═════ Dataset excerpt

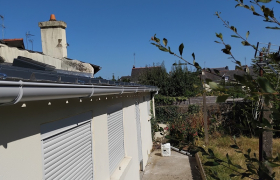 Installation de gouttière PVC sur Pontivy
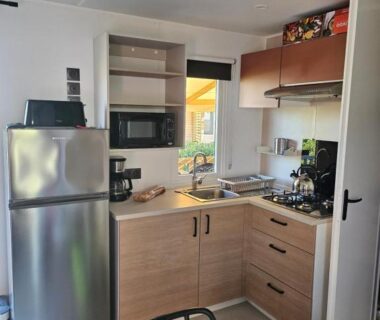 Coin cuisine équipé dans le Mobilhome 6 personnes camping la falaise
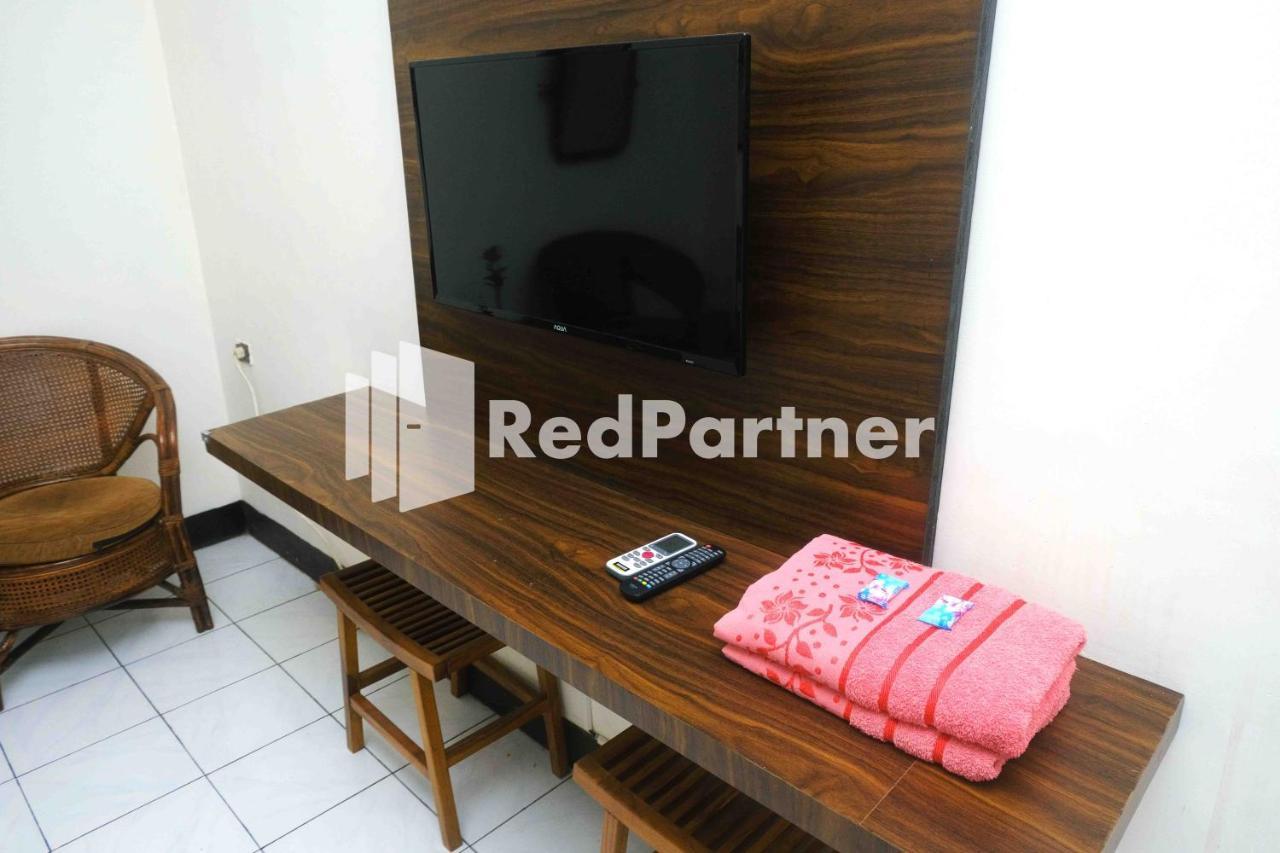 Hotel Transit 1 Makassar RedPartner Eksteriør billede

══════════

Activity >>
Could you retype the whole listing word for word, minus its pictures?

Answer for this exercise >>
 Installation de gouttière PVC sur Pontivy
 Coin cuisine équipé dans le Mobilhome 6 personnes camping la falaise
 Hotel Transit 1 Makassar RedPartner Eksteriør billede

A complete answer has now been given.